Ramené à Aiguilhe pour constater la saisie en présence des autorités locales, il y revoit son épouse, elle aussi arrêtée. Elle sera détenue pendant 45 jours avant d’être relâchée en mai. Jean et son épouse sont d’abord emprisonnés à Montluc, avant que Jean ne soit transféré à Fresnes, où il reste du 21 mai au 11 octobre 1943. À cette date, il est déporté vers le camp de Mauthausen, en Autriche. Ce n’est que le 5 mai 1945, après avoir enduré 20 mois dans ce camp de la mort, que Jean Joulian est enfin libéré. Il est rapatrié en France le 20 mai suivant, dans un état de santé extrêmement dégradé : il ne pèse alors plus que 43 kg, contre 102 kg au moment de son arrestation.
Attestation du CL Buckmaster (SHD Caen, AC 21 P, dossier n°577500)

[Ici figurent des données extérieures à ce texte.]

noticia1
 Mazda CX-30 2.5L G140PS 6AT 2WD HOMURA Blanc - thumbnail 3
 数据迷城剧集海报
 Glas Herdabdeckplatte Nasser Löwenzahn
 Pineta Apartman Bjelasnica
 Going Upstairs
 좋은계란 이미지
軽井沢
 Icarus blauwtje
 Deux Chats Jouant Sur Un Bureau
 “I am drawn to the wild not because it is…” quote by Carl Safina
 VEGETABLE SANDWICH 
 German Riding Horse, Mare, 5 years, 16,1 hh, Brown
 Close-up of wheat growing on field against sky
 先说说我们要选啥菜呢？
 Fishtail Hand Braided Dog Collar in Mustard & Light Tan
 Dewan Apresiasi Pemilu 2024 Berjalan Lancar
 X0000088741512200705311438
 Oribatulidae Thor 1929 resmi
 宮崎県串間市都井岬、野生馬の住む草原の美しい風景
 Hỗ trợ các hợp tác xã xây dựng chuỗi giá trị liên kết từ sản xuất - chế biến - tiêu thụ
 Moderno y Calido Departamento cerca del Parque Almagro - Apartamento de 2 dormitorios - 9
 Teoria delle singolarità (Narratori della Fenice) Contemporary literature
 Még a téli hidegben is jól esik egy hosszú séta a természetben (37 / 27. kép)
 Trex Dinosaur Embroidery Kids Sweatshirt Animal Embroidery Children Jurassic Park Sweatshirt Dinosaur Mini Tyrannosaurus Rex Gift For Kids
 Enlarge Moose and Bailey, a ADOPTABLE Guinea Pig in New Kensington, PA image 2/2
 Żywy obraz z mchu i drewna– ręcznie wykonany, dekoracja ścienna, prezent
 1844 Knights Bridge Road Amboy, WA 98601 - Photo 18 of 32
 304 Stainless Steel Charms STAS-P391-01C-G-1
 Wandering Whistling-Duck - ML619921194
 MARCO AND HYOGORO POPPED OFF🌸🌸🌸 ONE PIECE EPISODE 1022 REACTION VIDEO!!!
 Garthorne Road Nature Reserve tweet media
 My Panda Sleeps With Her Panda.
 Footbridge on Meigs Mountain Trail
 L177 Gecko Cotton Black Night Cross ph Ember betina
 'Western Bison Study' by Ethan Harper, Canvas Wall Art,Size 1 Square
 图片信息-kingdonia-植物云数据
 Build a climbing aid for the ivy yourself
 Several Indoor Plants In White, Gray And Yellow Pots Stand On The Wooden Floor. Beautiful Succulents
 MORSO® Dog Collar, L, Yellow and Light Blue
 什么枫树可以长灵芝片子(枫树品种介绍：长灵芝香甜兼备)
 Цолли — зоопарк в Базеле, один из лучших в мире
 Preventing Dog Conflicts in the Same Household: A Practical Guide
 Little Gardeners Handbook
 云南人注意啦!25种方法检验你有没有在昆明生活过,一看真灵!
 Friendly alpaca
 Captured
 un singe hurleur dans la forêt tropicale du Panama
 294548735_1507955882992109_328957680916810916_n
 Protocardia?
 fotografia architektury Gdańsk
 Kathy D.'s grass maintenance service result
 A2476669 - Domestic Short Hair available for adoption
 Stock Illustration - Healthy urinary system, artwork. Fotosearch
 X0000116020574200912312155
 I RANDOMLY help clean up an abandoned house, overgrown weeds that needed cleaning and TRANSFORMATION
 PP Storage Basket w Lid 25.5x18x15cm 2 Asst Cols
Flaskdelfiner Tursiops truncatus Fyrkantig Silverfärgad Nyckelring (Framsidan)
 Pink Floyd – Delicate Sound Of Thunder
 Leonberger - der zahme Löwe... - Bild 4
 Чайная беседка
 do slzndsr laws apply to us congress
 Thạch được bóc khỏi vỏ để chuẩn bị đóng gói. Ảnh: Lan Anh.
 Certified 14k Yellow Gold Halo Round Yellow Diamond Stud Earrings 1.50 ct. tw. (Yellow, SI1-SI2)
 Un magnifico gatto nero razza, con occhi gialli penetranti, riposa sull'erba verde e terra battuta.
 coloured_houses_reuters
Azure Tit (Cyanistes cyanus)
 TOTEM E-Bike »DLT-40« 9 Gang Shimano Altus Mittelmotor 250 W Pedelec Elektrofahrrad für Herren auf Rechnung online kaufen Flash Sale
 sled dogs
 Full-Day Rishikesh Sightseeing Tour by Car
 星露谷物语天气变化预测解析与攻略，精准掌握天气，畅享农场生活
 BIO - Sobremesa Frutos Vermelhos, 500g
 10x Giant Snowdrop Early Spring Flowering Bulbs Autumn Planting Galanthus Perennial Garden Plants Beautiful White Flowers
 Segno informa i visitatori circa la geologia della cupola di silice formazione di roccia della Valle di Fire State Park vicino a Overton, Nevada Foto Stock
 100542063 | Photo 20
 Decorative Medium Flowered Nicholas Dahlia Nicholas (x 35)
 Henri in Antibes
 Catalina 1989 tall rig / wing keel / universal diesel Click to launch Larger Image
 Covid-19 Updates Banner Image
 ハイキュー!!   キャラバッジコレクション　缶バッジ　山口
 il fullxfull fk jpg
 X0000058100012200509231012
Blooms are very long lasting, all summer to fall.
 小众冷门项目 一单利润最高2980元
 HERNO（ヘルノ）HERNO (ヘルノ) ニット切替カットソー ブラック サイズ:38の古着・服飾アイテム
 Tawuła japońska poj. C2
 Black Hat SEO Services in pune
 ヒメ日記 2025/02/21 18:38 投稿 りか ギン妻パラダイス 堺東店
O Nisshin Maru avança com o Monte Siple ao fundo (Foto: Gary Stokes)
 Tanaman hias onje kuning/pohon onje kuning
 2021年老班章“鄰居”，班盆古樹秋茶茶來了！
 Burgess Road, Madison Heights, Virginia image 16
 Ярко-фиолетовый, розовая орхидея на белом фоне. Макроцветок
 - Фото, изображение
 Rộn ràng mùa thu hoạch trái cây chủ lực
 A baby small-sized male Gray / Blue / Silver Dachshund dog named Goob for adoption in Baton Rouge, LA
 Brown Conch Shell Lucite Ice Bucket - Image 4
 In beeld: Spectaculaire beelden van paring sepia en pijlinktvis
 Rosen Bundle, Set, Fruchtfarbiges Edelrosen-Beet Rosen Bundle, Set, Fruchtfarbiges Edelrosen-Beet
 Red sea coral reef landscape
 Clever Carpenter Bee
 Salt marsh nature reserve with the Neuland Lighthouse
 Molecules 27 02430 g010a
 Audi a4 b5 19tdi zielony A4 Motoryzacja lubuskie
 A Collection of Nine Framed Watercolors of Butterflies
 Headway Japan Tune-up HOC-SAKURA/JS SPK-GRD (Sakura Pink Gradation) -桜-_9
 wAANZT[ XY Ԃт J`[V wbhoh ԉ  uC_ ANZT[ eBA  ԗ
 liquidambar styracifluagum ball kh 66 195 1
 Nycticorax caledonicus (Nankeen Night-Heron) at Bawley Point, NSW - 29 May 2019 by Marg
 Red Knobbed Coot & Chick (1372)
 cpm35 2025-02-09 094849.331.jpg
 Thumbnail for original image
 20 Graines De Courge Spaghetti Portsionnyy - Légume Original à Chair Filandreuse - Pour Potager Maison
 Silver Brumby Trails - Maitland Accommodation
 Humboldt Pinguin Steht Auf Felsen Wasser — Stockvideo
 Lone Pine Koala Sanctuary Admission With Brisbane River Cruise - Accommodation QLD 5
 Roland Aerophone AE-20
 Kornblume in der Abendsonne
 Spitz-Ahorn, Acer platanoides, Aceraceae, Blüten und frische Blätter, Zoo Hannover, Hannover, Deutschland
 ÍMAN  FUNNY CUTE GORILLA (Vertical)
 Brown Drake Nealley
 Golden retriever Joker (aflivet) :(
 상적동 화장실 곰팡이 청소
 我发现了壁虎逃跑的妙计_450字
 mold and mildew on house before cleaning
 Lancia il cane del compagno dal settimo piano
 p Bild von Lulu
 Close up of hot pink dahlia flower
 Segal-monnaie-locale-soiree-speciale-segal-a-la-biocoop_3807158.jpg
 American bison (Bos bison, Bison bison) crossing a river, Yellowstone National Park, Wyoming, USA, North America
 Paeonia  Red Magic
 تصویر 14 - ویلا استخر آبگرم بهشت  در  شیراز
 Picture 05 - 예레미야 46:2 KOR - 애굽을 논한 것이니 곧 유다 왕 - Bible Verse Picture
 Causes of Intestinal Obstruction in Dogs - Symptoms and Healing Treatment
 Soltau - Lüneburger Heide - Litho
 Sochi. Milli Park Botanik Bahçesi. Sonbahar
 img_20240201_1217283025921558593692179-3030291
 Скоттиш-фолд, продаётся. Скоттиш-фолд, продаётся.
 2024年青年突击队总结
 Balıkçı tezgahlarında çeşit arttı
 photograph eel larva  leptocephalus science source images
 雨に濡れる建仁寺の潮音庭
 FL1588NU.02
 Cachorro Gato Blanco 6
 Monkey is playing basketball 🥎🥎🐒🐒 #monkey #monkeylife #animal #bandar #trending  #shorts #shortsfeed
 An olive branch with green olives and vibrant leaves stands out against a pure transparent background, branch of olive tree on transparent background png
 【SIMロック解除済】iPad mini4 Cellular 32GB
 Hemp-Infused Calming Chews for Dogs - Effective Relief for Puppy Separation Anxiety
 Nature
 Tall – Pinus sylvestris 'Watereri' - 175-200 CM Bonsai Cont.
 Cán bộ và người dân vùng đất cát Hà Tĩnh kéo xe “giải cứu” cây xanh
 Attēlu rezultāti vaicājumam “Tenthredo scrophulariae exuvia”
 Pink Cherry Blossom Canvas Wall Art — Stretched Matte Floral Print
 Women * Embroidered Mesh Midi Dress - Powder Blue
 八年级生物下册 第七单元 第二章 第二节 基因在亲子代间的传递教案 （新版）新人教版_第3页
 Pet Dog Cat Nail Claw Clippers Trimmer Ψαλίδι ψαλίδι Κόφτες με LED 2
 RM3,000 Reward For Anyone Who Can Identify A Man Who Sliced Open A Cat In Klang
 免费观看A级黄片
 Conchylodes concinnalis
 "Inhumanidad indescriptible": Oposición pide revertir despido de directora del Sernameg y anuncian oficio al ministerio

Tandis que Jean Joulian coordonne les activités de résistance, son épouse Marie-Louise, surnommée "Éminence grise", joue un rôle essentiel dans l’ombre : elle assure la liaison entre Lyon et Le Puy-en-Velay et héberge des aviateurs alliés tombés en territoire occupé. En avril 1942, un officier radio anglais, Grégoire, séjourne chez les Joulian pendant six semaines. C’est également durant cette période que le commandant Philippe de Vomécourt, chef du réseau Buckmaster en France, leur rend visite sous les noms de Gauthier. En mai 1942, face à l’ampleur croissante des opérations, deux groupes de réception pour les parachutages sont créés : l’un anglais, dirigé par E.-M. Wilkinson (surnommé Alexandre) et Valérien, et l’autre français, dirigé par Jean Joulian et Eugène Labourier.
Le réseau, baptisé "Privet", repose également sur l’engagement de personnes de l’ombre. Juliette Chausse, la domestique des Joulian, prend en charge les aspects logistiques, tandis que Maurice Laurent, leur chauffeur, assure discrètement le transport d’agents anglais ou de matériel.
Ce dispositif illustre comment, dès 1941, des citoyens ordinaires se sont engagés avec courage pour combattre l’occupation nazie, en coopération étroite avec les services secrets britanniques. Jean Joulian a reçu, à titre posthume, de nombreuses distinctions honorant son courage et son engagement dans la Résistance : fait Chevalier, puis Officier et enfin Commandeur de la Légion d’honneur (décrets des 9 mai 1946, 19 avril 1958 et 31 juillet 1959), il s’est également vu attribuer la Croix de guerre avec palme, la Médaille de la Résistance française avec rosette (décret du 25 avril 1946), ainsi que la Croix du Combattant volontaire de la Résistance. Il est reconnu comme Déporté résistant et a été incorporé dans les Forces françaises combattantes (FFC) avec le grade de lieutenant, et dans les Forces françaises de l’intérieur (FFI) avec le grade de capitaine.